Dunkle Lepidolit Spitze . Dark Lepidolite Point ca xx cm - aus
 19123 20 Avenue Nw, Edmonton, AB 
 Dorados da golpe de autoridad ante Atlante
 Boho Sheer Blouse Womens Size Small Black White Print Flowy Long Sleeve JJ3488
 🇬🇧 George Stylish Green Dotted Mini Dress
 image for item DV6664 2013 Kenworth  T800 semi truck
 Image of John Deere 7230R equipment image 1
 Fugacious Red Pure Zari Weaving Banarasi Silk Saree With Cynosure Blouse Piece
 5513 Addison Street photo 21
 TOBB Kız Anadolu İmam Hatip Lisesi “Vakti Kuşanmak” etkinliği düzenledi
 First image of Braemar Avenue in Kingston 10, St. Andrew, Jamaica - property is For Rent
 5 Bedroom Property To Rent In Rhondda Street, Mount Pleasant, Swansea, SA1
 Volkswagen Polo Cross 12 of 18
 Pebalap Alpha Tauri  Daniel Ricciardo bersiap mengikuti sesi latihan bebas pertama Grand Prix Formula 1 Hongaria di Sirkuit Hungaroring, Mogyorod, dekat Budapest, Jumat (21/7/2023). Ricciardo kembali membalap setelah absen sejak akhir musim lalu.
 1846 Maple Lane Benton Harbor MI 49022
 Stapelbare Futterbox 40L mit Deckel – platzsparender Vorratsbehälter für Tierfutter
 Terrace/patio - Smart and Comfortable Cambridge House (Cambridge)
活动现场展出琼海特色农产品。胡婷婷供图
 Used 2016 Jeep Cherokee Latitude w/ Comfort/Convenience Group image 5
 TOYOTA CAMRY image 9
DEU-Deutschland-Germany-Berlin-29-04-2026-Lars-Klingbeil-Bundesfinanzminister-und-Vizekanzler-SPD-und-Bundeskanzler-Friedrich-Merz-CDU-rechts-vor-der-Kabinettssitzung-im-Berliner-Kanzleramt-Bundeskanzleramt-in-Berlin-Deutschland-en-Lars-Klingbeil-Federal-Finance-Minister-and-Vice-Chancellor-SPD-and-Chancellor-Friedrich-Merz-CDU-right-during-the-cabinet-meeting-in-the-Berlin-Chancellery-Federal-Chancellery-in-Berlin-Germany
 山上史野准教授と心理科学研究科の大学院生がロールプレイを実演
-=-=-=-=-
**What is needed**
Only the lines above starting at the line that holds "image for item" and ending at the line that holds "Volkswagen Polo Cross 12 of 18" are to be repeated, exactly and in full.

**Response area**
 image for item DV6664 2013 Kenworth  T800 semi truck
 Image of John Deere 7230R equipment image 1
 Fugacious Red Pure Zari Weaving Banarasi Silk Saree With Cynosure Blouse Piece
 5513 Addison Street photo 21
 TOBB Kız Anadolu İmam Hatip Lisesi “Vakti Kuşanmak” etkinliği düzenledi
 First image of Braemar Avenue in Kingston 10, St. Andrew, Jamaica - property is For Rent
 5 Bedroom Property To Rent In Rhondda Street, Mount Pleasant, Swansea, SA1
 Volkswagen Polo Cross 12 of 18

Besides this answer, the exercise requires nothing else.